The sponsor’s name and logo

Contact information and locations

General description of the sponsor’s products or services

Slogans that do NOT contain qualitative or comparative descriptions of the sponsor’s products or servicess.

A “click through” logo on a university website that takes users onto the sponsor’s website, as long as no endorsement by the university is present on the university’s website or the sponsor’s website. 

Distribution of low cost articles

Exchange or rental of member lists between tax-exempt organizations

Additionally, the following types of income are excluded from UBI:

Passive investment income

Gains or losses from sale of property (not inventory)
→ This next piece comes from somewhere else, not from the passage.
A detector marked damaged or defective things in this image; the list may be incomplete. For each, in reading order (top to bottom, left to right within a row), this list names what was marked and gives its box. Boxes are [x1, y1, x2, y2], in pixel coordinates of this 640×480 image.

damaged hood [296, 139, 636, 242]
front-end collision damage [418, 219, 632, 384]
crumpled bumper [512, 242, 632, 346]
Rents from real property (however, see “Sales or Rentals to the General Public” below – rental of real property becomes taxable when the University provides services to the general public with the rental)

Royalty income

Research income (not ordinary testing or inspection of products)
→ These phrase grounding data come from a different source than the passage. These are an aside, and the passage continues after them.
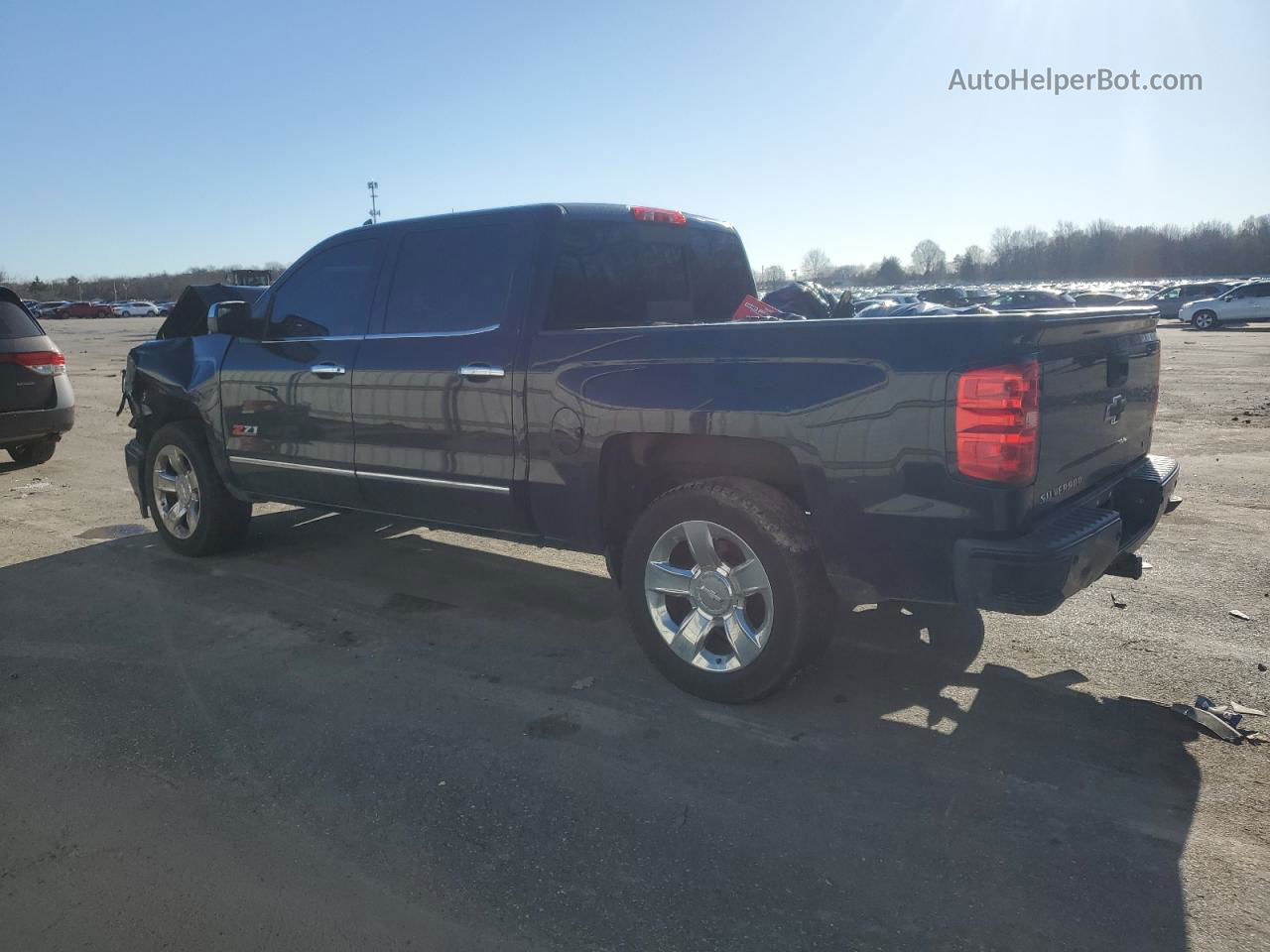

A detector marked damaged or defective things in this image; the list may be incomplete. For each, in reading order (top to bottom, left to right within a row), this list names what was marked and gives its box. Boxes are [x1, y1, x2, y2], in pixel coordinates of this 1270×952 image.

cracked parking lot [2, 315, 1270, 948]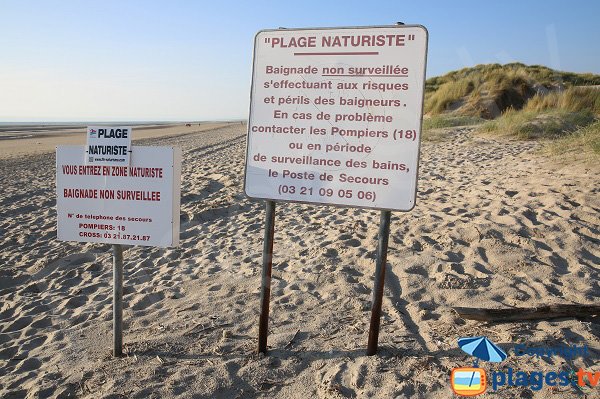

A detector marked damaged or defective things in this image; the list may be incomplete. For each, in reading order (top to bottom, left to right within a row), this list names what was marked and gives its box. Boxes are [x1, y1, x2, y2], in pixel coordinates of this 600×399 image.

rusty metal post [258, 202, 276, 354]
rusty metal post [366, 211, 394, 358]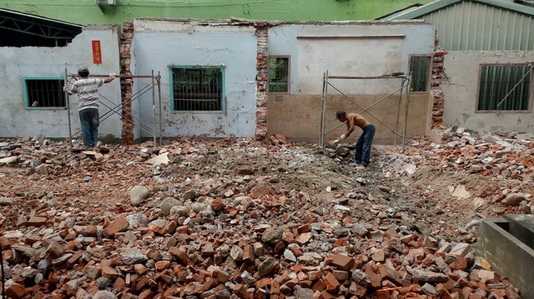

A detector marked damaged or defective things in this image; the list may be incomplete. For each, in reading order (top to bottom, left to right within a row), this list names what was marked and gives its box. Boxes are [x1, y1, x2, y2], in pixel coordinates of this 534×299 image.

 UBTI means the gross income derived from any unrelated trade or business regularly carried on by the University, less the deductions “directly connected” with carrying on the trade or business.

  To be directly connected with the conduct of an unrelated business, deductions must have a proximate and primary relationship to carrying on that business.
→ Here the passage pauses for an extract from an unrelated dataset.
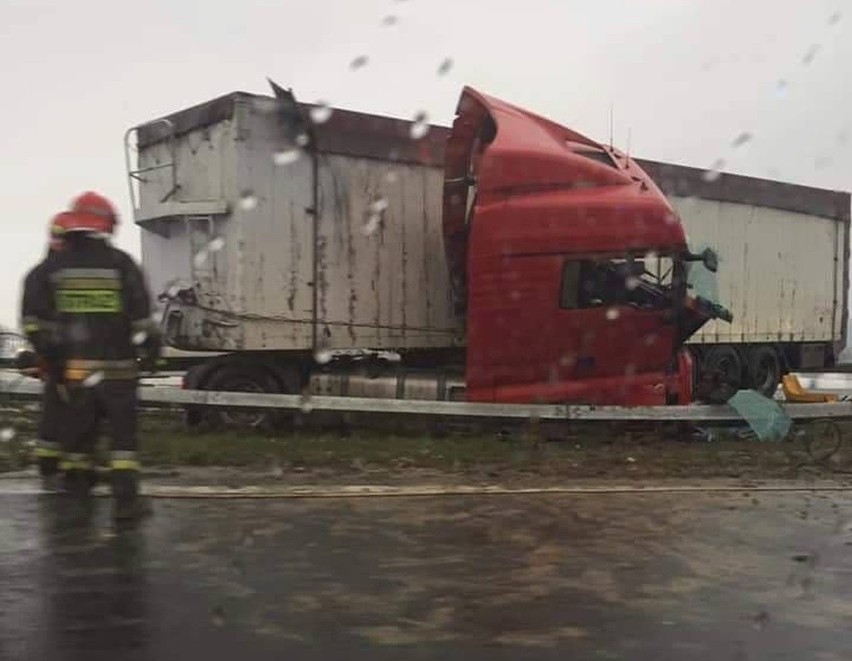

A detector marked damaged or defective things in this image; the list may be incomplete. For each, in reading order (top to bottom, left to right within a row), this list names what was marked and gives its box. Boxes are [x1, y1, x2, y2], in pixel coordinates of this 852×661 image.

damaged truck cab [442, 87, 728, 404]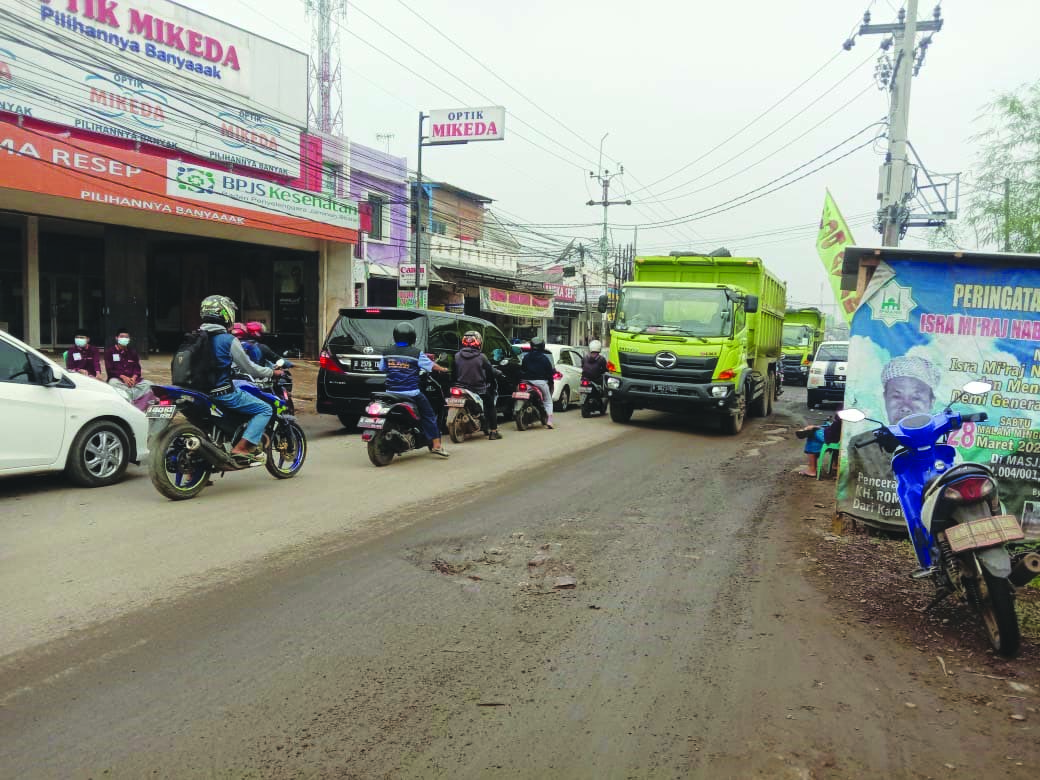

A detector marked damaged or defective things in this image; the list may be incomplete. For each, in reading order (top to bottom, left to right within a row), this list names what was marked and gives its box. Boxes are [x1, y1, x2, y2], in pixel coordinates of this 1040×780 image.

  For purposes of computing UBTI, expenses attributable solely to the operation of an unrelated business may be deducted in full. An example of this for the Consolidated Investment Pool (CIP) would be the cost of the software purchased solely to track and report UBTI from the various partnership investments.

  Expenses incurred in connection with both an exempt purpose and the conduct of an unrelated trade or business (e.g., facilities or personnel) must be allocated between the two purposes using a reasonable basis of allocation. An example of this for the CIP would be allocating the cost of the Investment Office’s staff (because only a portion of total income from the CIP is considered UBTI).

  If a particular cost has been allocated, the department, school or center must specify the basis of allocation. Reasonable methods include hours of use, revenue generated, type of activity, or number of pages (for publications). The Controller’s Office may also allocate a reasonable amount of overhead expenses to each activity.

  Federal income tax must be paid on the amount of UBTI generated by an activity. Total tax due will vary, based on losses from other University activities, losses from the CIP and net operating losses (NOLs) carried forward from previous years.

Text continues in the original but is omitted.